Does the ANC have no shame? Is it not ashamed that it continues its rhetoric and spin doctoring even though it clearly cannot do its job – either at home or around the table in Harare? Just what are the criteria against which it measures itself and which, obviously, allow it in its collective politburo mind to continue its rule?

Of course, shame and admission of error are not matters for easy admission by any politician even in the normal course of events, much less at any other time. Such is the nature of the beast. (Also, incidentally, such is the nature of those that look for and permit the politicians to rule; populations and electorates tend to be lazy in thinking for themselves and constantly seek the comfort of having someone else do their thinking for them. A contradiction of the human condition is that, of all the creatures on the planet, humans have the greatest ability to deal with change, challenge and chance yet are the most persistent in their – often unconscious and unspoken – drive for certainty and comfort.)
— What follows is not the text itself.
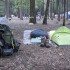 Sleeping quarters I slept under the stars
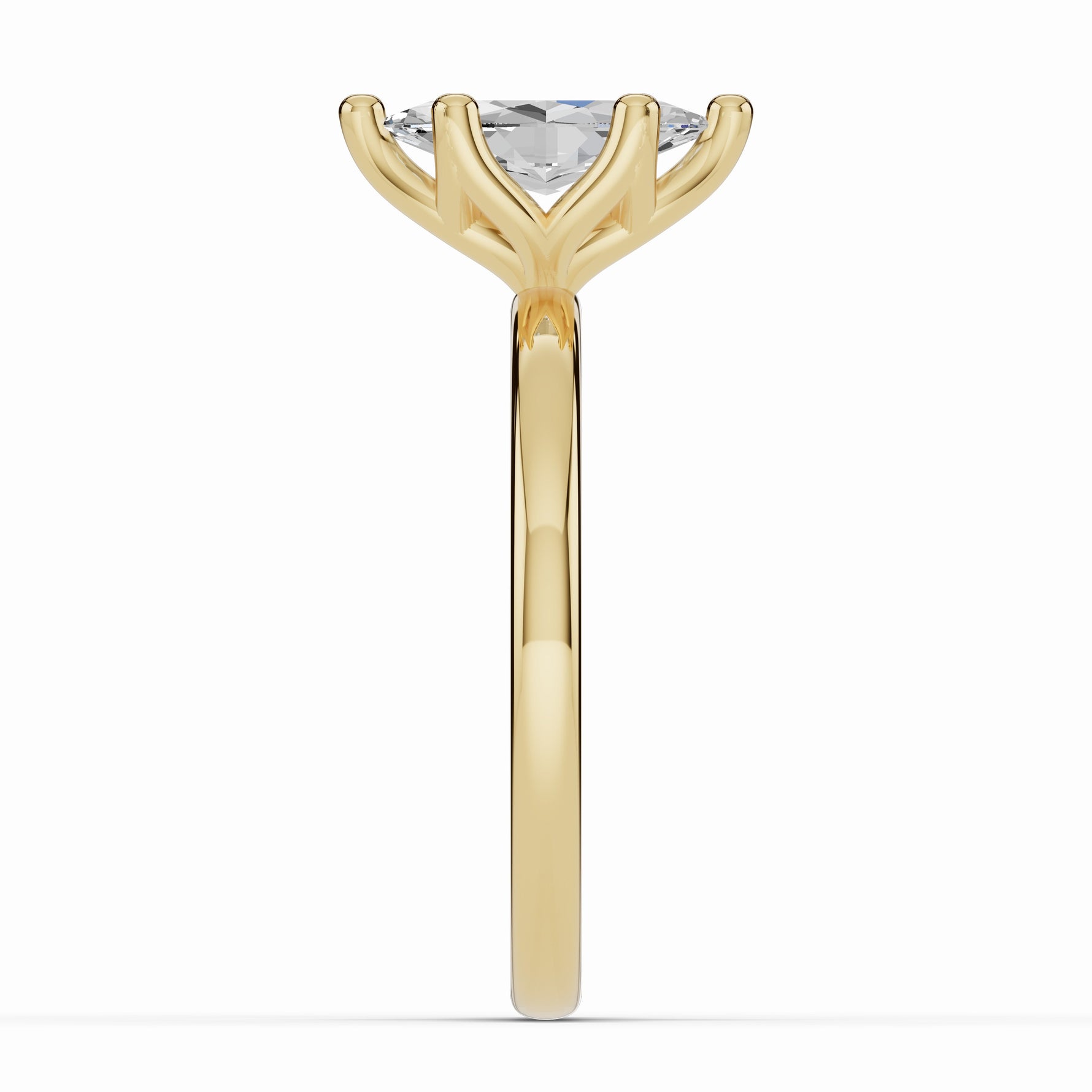 Marquise Lustre Solitaire Ring ABER-100-MQ-LGD-1  - Abtin & Co.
Admission of error in Africa is very difficult. Culturally the strong man must be seen to be strong, even if – especially if – wrong. The advent of colonial rule, with all the embarrassments that that brought, together with the displays of power and material goods by the colonial powers, then provided the need to display to the world that Africa and Africans could achieve the same themselves without outside intervention.

The loss of face when African nations screw things up is immense – far more so than the purported Oriental perceptions of face. This is why, for example, racism and colonialism are frequently used as catchphrases to divert attention away from the true reasons for African failure.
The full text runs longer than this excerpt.